In SSL/TLS, the cipher suite selects a set of algorithms, for several tasks: key agreement, symmetric encryption, integrity check.
The certificate type impacts the choice of the key agreement. Two parameters must be taken into account: the key type and the key usage:
- With a RSA key you can nominally use the "RSA" and "DHE_RSA" cipher suite.
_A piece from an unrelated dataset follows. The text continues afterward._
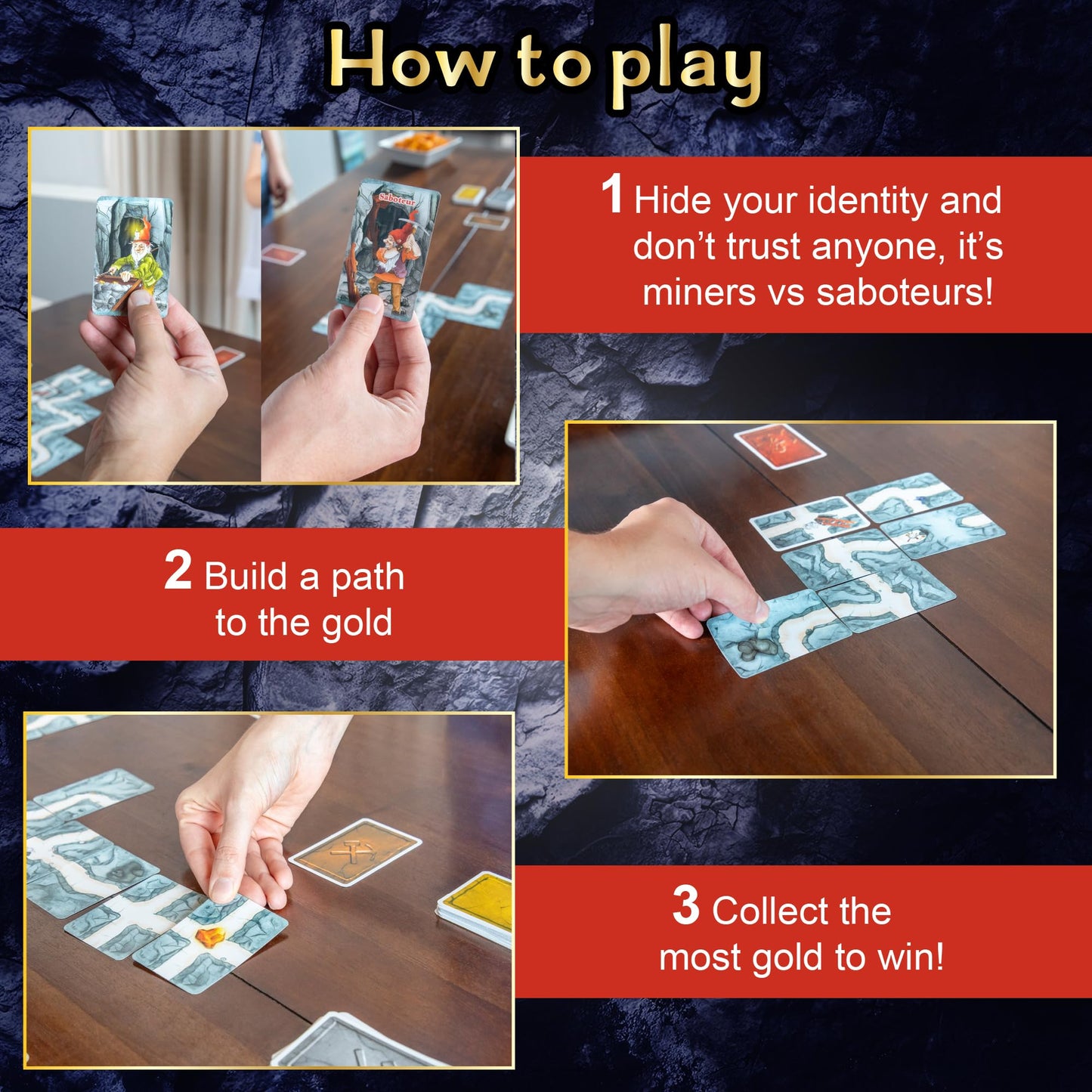 Saboteur Strategy Card Game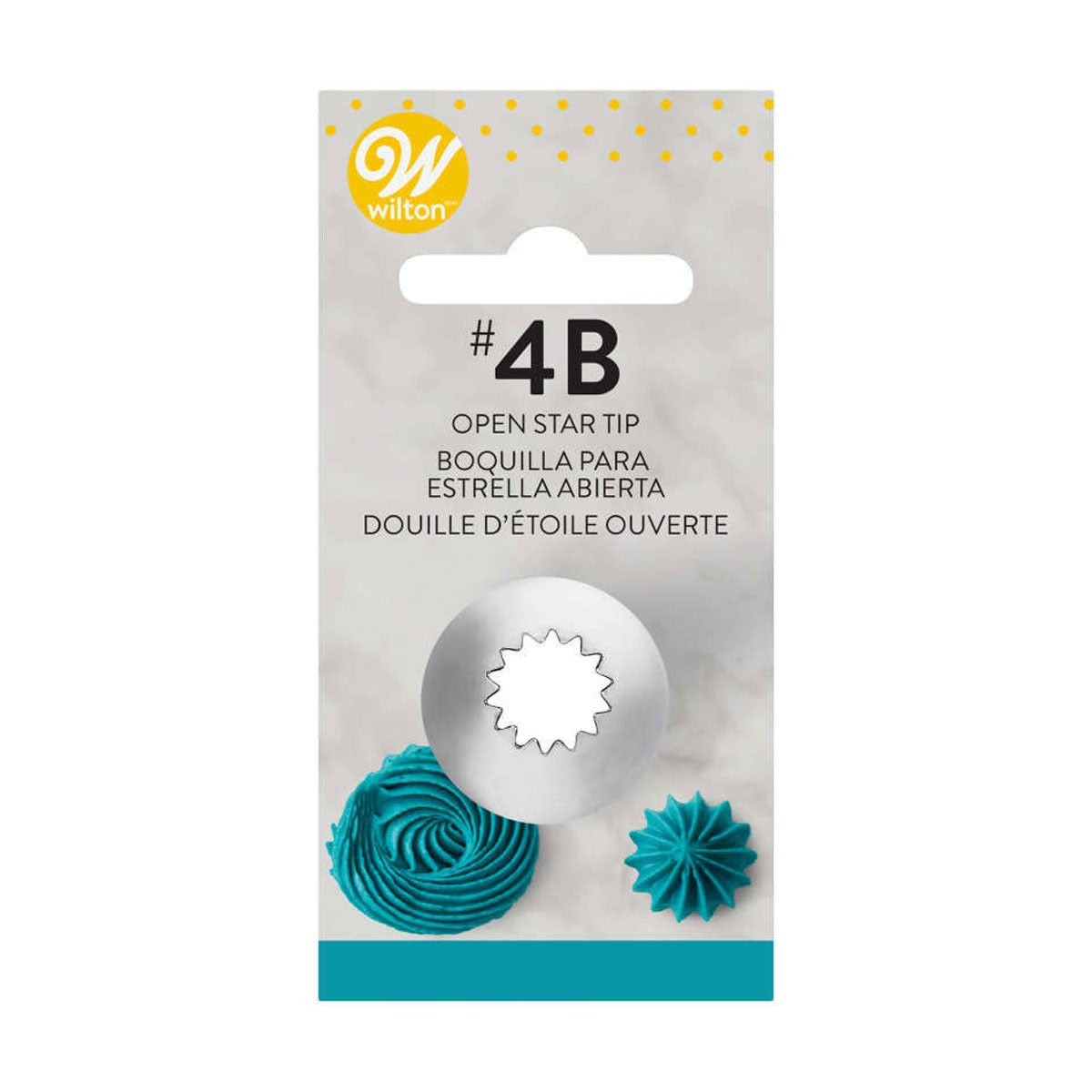 Wilton Douille #4B Open Star Carded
But if the server certificate has a Key Usage extension which does not include the "keyEncipherment" flag, then you are nominally limited to "DHE_RSA".
- With a DSA key you can use only a "DHE_DSS" cipher suite.
- With a Diffie-Hellman key, you can use only one of "DH_RSA" or "DH_DSS", depending on the issuing certificate authority key type.
Most SSL server certificates have a RSA key which is not restricted through a Key Usage extension, so you can use both "RSA" and "DHE_RSA" key types.
"DHE" stands for "Diffie-Hellman Ephemeral". This allows Perfect Forward Secrecy. PFS means that if an attacker steals the server private key (the one which is stored in a file, hence plausibly vulnerable to ulterior theft), he will still not be able to decrypt past recorded transactions. This is a desirable property, especially when you want your system to look good during an audit.
For the integrity check, you should not use MD5, and, if possible, avoid SHA-1 as well. None of the currently known weaknesses of MD5 and SHA-1 impacts the security of TLS (except possibly when used within a certificate, but that's chosen by the CA, not you). Nevertheless, using MD5 (or, to a lesser extent, SHA-1) is bad for public relations. MD5 is "broken". If you use MD5, you may have to justify yourself. Nobody would question the choice of SHA-256. The general consensus is that SHA-1 is "tolerable" for legacy reasons.
For symmetric encryption, you have the choice between (mostly) RC4, 3DES and AES (for the latter, the 256-bit version is overkill; AES-128 is already fine). The following points can be made:
RC4 and 3DES will be supported everywhere. The oldest clients may not support AES (e.g. Internet Explorer 6.0 does not appear to be able to negotiate AES-based cipher suites).
There are known weaknesses in RC4. None is fatal right away. Situation is somewhat similar to that of SHA-1: academically "broken", but not a problem right now. This still is a good reason not to use RC4 if it can be avoided.
3DES is a 64-bit block cipher. This implies some (academic) weaknesses when you encrypt more than a few gigabytes in a single session.
3DES can be heavy on your CPU. On a 2.7 GHz Intel i7, OpenSSL achieves 180 MB/s encryption speed with AES-128 (it could do much better if it used the AES-NI instructions) but only 25 MB/s with 3DES. 25 MB/s is still good (that's 2.5x what a 100 Mbits/s link can handle, and using a single core) but might not be negligible, depending on your situation.
The BEAST attack is an old academic weaknesses which has recently been demonstrated to be applicable in practice. It requires that the attacker spies on the link and runs hostile code on the client (and that code must communicate with the external spying system); the BEAST authors have managed to run it when the hostile internal code uses Java or Javascript. The generic solution is to switch to TLS 1.1 or 1.2, which are immune. Also, this concerns only block ciphers in CBC mode; RC4 is immune.
In a SSL/TLS handshake, the client announces his supported cipher suites (preferred suites come first), then the server chooses the suite which will be used. It is traditional that the server honours the client preferences -- i.e. chooses the first suite in the list sent by the client that the server can handle. But a server could enforce its own order of preferences.
DHE implies somewhat higher CPU consumption on the server (but it will not make a noticeable difference unless you establish several hundreds new SSL sessions per second).
There is no DHE cipher suite which uses RC4.
Summary: this leads me to the following preferred list of cipher suites. If the BEAST attack may apply to you (i.e. the client is a Web browser), use this:
- If the session uses SSL-3.0 or TLS-1.0, try to use
TLS_RSA_WITH_RC4_128_SHA
.
- If the client supports TLS 1.1+, or if it does not support
TLS_RSA_WITH_RC4_128_SHA
, or if you consider PFS to be more important to you than BEAST-like active attacks (e.g. you are most concerned about long-term confidentiality, not immediate breaches), then use TLS_DHE_RSA_WITH_AES_128_CBC_SHA256
(fallback to TLS_DHE_RSA_WITH_AES_128_CBC_SHA
if the client does not support SHA-256).
- If DHE cipher suites are not supported by the client, use the corresponding non-DHE suite.
- Generic fallback is
TLS_RSA_WITH_3DES_EDE_CBC_SHA
which should work everywhere.
Note that the choices above assume that you can alter the suite selection depending on the negotiated protocol version, which may or may not be an available option for your particular SSL server.
If BEAST does not apply to you (the client will not run hostile code), then drop RC4 support altogether; concentrate on AES-128 and SHA-256; fallback on 3DES and SHA-1, respectively; use DHE if available.